En esta guerra sucia las bajas son los ciudadanos que se consideran racionales, objetivos, y teóricamente preparados, y que han comenzado a reaccionar con paranoias políticas sin ninguna evidencia concreta. Son las víctimas del campo semántico generado por academicos, comentaristas, propagandistas y simuladores del poder conservador.
El pueblo se pierde en una casa de espejos hecha de simulaciones y desinformación. Una gran simulación que busca oponerse al efectivo y revelador teatro político que se ejecuta cada “Mañanera”.
Veo a diestra y siniestra artículos y programas de opinión creados para consolidar un estado de sitio imaginario y nefasto en el país.
¿Qué más puede hacer la oposición ante el despliegue de las transformaciones políticas recientes?
A la oposición irracional y reaccionaria solo le queda despretigiar cualquier acto del gobierno.
Voltear un espejo de circo para distorsionar la realidad política que le es inconveniente. Por ello buscan magnificar y repetir add nausea cualquier error.
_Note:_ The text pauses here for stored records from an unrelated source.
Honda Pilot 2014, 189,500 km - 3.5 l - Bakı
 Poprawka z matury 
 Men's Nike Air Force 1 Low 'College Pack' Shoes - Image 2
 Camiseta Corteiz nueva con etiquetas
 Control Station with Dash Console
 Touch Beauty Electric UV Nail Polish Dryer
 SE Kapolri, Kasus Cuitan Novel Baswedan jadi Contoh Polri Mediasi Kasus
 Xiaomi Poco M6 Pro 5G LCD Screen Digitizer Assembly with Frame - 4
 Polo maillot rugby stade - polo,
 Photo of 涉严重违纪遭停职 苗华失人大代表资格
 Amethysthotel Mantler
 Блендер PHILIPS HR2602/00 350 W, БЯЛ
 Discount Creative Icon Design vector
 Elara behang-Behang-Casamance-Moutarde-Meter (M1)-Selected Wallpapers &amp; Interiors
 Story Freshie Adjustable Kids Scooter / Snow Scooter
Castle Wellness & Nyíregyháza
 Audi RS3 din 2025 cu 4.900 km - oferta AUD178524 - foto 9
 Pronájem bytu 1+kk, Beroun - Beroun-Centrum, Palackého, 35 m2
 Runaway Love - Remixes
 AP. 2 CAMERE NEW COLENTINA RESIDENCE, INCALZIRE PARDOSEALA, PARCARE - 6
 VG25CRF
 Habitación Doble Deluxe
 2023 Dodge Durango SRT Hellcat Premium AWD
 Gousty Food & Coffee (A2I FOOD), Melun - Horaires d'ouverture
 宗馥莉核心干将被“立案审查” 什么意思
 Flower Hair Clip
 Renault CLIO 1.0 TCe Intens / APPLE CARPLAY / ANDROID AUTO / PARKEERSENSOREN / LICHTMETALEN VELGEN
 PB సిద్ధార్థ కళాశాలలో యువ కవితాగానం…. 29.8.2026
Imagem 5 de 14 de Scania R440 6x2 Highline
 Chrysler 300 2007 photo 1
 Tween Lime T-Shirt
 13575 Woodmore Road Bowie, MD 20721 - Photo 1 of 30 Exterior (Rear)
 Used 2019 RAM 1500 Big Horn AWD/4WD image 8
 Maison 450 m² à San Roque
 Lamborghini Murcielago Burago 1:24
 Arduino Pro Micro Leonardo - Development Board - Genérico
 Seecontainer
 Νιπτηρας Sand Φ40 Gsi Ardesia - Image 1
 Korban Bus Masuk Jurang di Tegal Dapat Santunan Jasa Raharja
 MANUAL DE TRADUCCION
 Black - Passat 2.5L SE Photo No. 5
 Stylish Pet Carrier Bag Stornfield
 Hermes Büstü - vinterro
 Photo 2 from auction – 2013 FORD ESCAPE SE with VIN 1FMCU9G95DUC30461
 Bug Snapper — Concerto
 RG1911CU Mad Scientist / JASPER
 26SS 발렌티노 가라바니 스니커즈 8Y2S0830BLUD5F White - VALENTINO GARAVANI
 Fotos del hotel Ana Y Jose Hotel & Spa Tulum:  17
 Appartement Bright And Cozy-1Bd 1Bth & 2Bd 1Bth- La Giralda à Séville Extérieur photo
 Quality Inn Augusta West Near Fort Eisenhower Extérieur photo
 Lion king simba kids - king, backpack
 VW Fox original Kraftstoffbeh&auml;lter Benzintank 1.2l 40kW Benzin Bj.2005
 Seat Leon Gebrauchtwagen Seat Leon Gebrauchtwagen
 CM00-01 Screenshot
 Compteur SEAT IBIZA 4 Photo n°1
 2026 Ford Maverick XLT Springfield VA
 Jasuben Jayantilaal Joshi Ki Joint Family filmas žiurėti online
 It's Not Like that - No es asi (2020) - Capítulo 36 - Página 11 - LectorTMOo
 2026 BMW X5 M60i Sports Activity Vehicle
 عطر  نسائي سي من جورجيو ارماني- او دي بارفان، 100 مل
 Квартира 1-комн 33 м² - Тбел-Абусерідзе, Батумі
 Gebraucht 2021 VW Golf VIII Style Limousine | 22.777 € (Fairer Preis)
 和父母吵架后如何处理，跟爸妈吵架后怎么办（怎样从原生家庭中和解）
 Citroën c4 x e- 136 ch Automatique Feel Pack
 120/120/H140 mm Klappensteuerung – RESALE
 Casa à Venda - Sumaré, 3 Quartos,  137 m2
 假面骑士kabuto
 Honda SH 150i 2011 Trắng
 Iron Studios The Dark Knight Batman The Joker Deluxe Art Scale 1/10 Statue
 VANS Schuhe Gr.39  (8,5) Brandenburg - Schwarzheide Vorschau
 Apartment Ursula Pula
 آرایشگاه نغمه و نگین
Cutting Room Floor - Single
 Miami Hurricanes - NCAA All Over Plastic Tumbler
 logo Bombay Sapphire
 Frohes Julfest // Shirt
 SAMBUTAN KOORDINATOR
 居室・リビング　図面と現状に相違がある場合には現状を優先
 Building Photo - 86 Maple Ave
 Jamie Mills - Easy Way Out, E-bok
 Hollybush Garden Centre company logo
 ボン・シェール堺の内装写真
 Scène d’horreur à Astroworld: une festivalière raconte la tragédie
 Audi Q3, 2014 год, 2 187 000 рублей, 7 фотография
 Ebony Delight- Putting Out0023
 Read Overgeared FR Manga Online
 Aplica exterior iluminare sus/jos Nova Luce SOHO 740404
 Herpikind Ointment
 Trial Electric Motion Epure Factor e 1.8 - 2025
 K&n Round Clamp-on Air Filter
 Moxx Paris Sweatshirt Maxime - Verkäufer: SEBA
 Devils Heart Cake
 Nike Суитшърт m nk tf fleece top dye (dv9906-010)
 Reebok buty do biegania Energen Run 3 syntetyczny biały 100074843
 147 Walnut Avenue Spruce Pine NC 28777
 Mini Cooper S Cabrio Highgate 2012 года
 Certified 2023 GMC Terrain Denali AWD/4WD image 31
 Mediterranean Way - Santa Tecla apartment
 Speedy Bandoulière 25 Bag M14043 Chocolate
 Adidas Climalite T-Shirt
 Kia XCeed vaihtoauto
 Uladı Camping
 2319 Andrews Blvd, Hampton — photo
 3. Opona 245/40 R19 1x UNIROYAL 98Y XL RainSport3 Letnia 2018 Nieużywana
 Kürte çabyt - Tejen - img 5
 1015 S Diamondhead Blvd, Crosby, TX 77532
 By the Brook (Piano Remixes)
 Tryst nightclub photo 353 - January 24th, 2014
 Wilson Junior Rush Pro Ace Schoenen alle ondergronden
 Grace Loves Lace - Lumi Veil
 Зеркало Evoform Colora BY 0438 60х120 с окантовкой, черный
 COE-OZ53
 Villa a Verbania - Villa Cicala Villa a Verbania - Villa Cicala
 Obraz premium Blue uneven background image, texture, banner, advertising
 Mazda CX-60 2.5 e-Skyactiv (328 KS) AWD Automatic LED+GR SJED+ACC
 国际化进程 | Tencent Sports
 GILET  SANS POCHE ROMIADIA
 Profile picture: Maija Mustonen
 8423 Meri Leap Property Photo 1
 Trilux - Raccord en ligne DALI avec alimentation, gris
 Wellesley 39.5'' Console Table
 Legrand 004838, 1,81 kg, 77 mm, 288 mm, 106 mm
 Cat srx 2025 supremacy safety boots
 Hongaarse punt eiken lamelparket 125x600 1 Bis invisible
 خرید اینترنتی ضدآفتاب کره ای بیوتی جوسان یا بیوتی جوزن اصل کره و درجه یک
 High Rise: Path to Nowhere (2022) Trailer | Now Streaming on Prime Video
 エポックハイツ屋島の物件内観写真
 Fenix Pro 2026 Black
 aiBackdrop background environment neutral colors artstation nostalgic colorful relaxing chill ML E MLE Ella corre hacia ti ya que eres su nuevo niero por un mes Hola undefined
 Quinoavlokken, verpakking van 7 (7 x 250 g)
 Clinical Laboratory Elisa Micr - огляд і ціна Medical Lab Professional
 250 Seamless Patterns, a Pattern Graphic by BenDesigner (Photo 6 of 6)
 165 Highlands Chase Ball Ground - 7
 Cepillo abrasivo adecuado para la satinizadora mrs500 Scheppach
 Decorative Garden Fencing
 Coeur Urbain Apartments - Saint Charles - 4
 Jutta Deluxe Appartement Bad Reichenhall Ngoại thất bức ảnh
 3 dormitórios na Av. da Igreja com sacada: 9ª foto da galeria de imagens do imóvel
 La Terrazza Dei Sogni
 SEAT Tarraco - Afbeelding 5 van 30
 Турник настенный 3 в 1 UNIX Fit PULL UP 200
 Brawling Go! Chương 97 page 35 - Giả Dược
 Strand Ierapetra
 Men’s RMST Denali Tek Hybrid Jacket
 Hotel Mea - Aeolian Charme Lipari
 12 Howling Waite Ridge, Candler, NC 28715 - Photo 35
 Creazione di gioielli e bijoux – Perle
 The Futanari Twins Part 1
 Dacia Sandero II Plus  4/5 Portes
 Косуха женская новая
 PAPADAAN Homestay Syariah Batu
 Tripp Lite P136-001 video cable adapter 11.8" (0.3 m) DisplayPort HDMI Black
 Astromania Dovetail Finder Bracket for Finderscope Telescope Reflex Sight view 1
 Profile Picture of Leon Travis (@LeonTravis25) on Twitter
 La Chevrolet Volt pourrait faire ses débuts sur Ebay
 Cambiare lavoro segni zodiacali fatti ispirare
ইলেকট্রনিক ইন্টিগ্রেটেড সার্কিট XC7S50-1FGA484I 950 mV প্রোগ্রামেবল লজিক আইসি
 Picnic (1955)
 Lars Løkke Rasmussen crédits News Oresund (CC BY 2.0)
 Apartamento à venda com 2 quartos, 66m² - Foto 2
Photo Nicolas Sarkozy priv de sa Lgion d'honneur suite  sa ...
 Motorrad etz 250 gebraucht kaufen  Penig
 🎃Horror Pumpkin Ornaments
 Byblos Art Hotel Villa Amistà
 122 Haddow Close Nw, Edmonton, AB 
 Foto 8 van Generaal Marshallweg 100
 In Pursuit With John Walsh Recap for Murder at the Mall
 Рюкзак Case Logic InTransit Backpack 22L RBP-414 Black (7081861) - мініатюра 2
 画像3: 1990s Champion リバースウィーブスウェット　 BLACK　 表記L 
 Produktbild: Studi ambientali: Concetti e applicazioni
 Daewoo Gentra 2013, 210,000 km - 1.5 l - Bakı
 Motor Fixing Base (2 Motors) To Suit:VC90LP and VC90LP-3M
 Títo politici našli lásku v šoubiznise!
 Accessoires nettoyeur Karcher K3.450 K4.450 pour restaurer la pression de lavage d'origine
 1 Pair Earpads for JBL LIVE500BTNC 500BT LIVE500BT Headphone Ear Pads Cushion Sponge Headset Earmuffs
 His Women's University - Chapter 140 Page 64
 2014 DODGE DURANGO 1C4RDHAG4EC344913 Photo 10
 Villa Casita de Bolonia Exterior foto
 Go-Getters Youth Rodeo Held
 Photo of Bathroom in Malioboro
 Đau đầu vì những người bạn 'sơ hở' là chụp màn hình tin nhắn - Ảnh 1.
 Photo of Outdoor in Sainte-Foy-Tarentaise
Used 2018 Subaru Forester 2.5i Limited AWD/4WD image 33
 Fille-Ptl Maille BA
Creando una opinión pública miope, centrada en la peccata minuta; chismes, maniqueísmo opositor, e irracionalidad con carga ideológica mas morbo y vulgaridad.
Pareciera que los poderes fácticos dieran la orden, “Que se vayan por las ramas para que pierdan de vista el bosque. Fuera de vista es fuera de mente. Fuera de mente es todo nuestro”.
¿El propósito? Que la gente pierda la noción de los avances sociales que se han alcanzado en los últimos tres meses. Que renuncie su apoyo a Obrador. Que no se consolide el mínimo bienestar de la transformación. Que no cobren consciencia de clase.
Buscan retrogradar el avance histórico mediante la guerra sucia en medios y redes sociales; inventando conflictos, clonando cuentas de funcionarios para despretigiarlos, creando artículos de opinión de periodistas fantasma.
El efecto ha sido un estado esquizofrénico en el que la simulación de la guerra sucia no coincide con los hechos y los actos de los casi cien días del gobierno de Obrador.
¿Por qué es peligroso? Primeramente se genera un estado esquizofrénico, y de este se desprende una psicosis colectiva en la que el pueblo comienza a desconocer los beneficios inmediatos a su favor a cambio de miedos, deseos, y más engaños de la oposición irracional y su guerra de linchamiento.
En este mundo postideológico en el que la oposición izquierda/derecha se ha trastocado por la de nacionalistas vs. globalistas, es fundamental no perder la brújula en simulaciones.
Lo importante es descubrir por lo que vale la pena luchar en el terreno político, es decir, por lo que verazmente lucha por ti.